Here are the mutations in the outlier lineage vs. B.1.1.529 (i.e., shared and unique):

gene mutation outlier-lineage B.1.1.529? notes
ORF1ab S135R y    
ORF1ab T842I Y    
ORF1ab K856R   Y  
nuc C3037T Y Y B.1
nuc T5386G Y
ORF1ab G1307S Y    
nuc C4321T Y    
ORF1ab SL2083I   Y  
ORF1ab A2710T   Y  
ORF1ab L3027F Y    
nuc A9424G Y    
ORF1ab T3090I Y    
ORF1ab T3255I Y Y  
nuc C10198T Y    
nuc G10447A Y    
ORF1ab P3395H Y Y  
ORF1ab L3674F Y
ORF1ab SGF3675del Y Y  
ORF1ab I3758V   Y  
nuc C12880T Y    
ORF1ab P4715L Y Y B.1
nuc C15240T   Y  
nuc C15714T Y    
ORF1ab R5716C Y    
ORF1ab I5967V Y Y  
ORF1ab T6564I Y    
S T19I Y    
S LPPA24S Y    
S A67V   Y  
S HV69del   Y  
S T95I   Y  
S G142D Y Y  
S VYY143del   Y  
S NL211I   Y  
S V213G Y    
S 215EPEins Y
S G339D Y Y  
S S371F Y    
S S371L   Y  
S S373P Y Y  
S S375F Y Y  
S T376A Y    
S D405N Y    
S R408S Y    
S K417N Y Y  
S N440K Y Y  
S G446S   Y  
S S477N Y Y  
S T478K Y Y  
S E484A Y Y  
S Q493R Y Y  
S G496S   Y  
S Q498R Y Y  
S N501Y Y Y  
S Y505H Y Y  
S T547K   Y  
S D614G Y Y B.1
S H655Y Y Y  
S N679K Y Y  
S P681H Y Y  
S N764K Y Y  
S D796Y Y Y  
S N856K   Y  
S Q954H Y Y  
S N969K Y Y  
S L981F   Y  
nuc C25000T Y Y  
ORF3a T223I  Y    
E T9I Y Y B.1.1.529 fixed?
M D3G   Y B.1.1.529 fixed?
M Q19E Y Y B.1.1.529 fixed?
M A63T Y Y  
nuc C26858T Y    
nuc A27259C Y Y  
ORF6 D61L Y   (GAT->CTC)
nuc C27807T Y Y  
N P13L Y Y B.1.1.529 fixed?
N ERS31del Y   B.1.1.529 fixed?
N RG203KR Y Y (B.1.1.1)
N S413R Y    
rambaut commented 2 years ago

Will push this to the Pango committee to decide how to deal with this. Closing the issue. Thanks @bioinforME for posting this.

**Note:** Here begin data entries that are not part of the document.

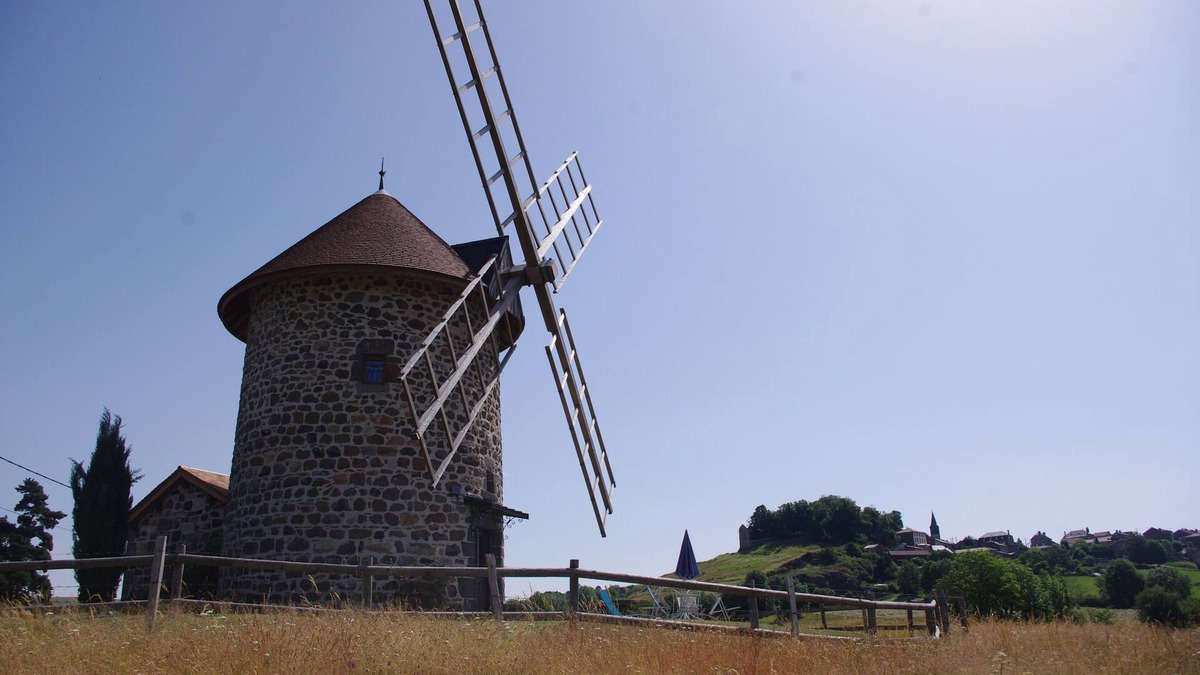 Coren House | Windmill gite unusual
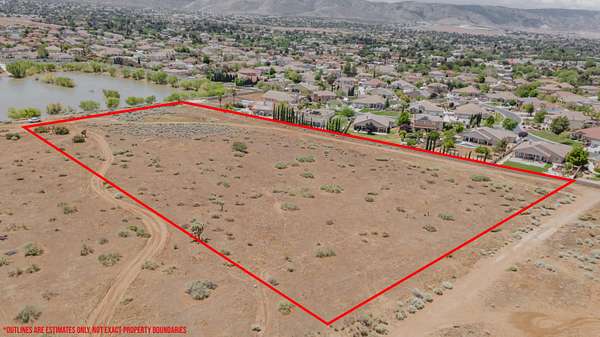 10.1 Acres of Land for Sale in Quartz Hill, California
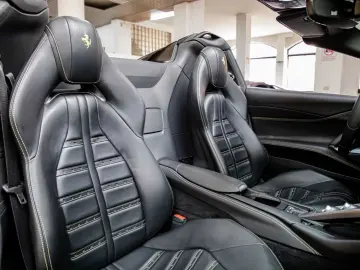 FERRARI 812 GTS - Painted Shields - Carbon - Led - VAT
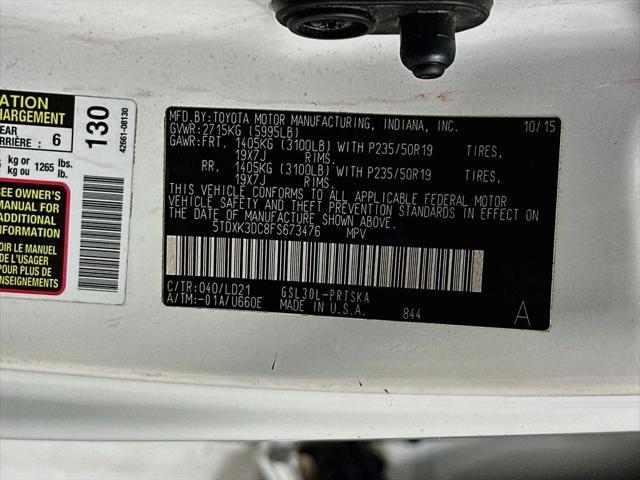 2015 Toyota Sienna - $10,588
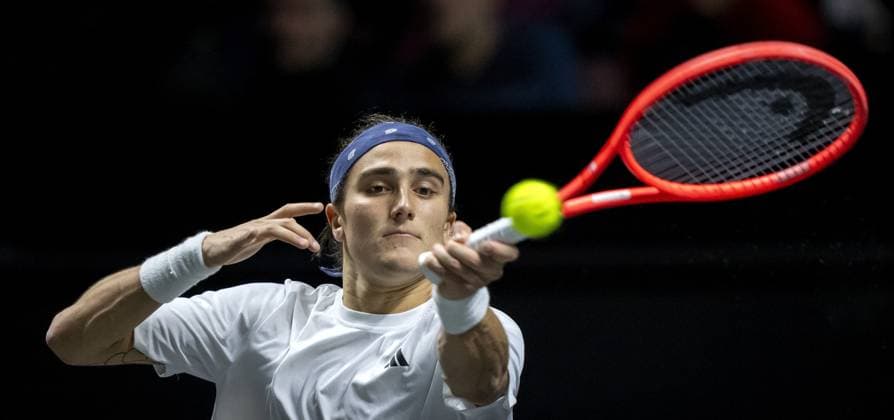 ROTTERDAM - Mattia Bellucci (ITA) in action against Stefanos Tsitsipas (GRE) on the fifth day of the ABN AMRO Open tennis tournament in Ahoy. ANP SANDER KING ABN AMRO Open - Day Five 2025 xVIxANPxSportx xxANPxIVx 519335001 originalFilename: 519335001.jpg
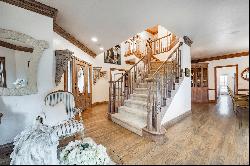 Charming 12-acre Equestrian Estate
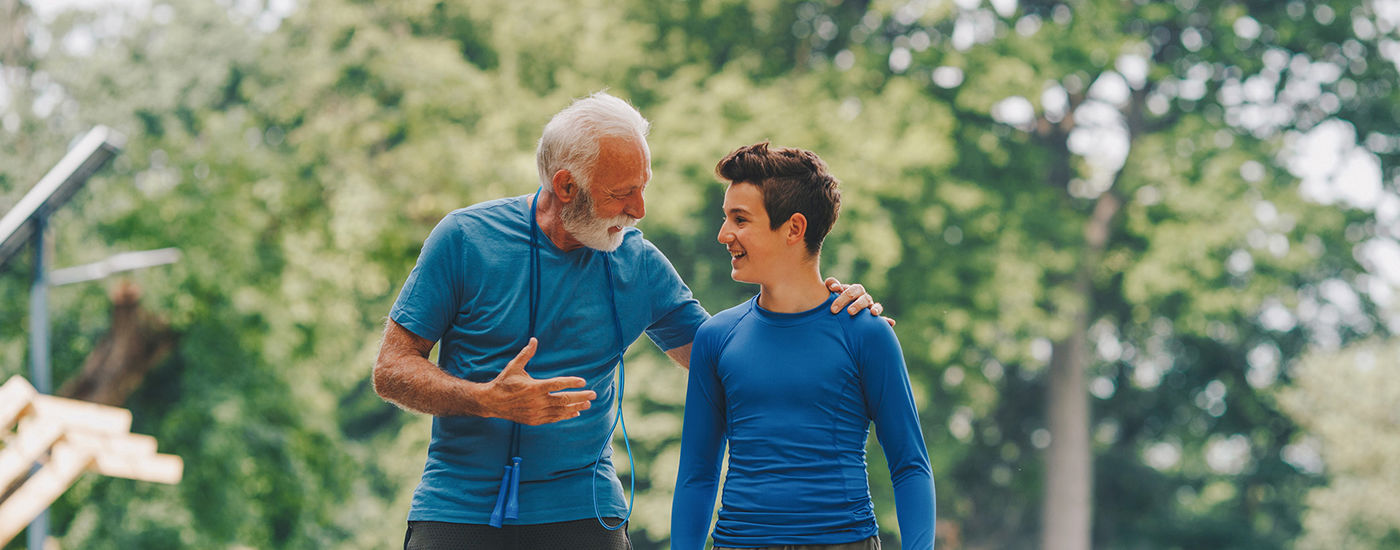 Nonno e nipote che parlano e fanno sport nella natura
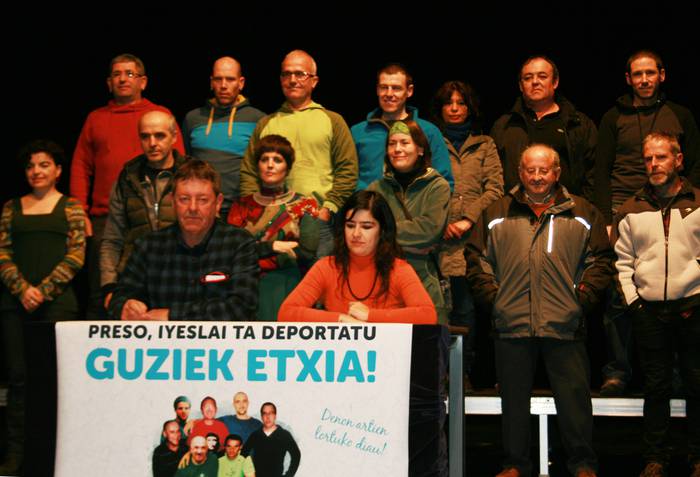 Preso, iheslari eta deportatu guztiak etxera!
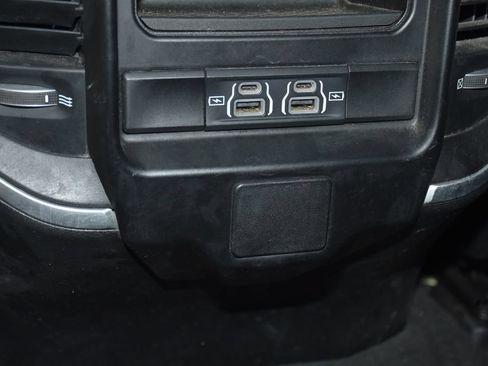 Used 2023 RAM 1500 Big Horn AWD/4WD image 25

silcn commented 2 years ago

Very interesting; this gives us more insight into the evolution of Omicron, and tracking its progress may hint as to which mutations are actually important to Omicron. It even tells us which order the two mutations at 371 came in!

If the chronic infection hypothesis is true, there's no reason to believe patient zero would only have transmitted to one other person, and this is exactly what transmission to a second person would look like. Something similar happened with B.1.638 which was extremely diverse yet appeared to only be a small cluster in Nelson Mandela Bay.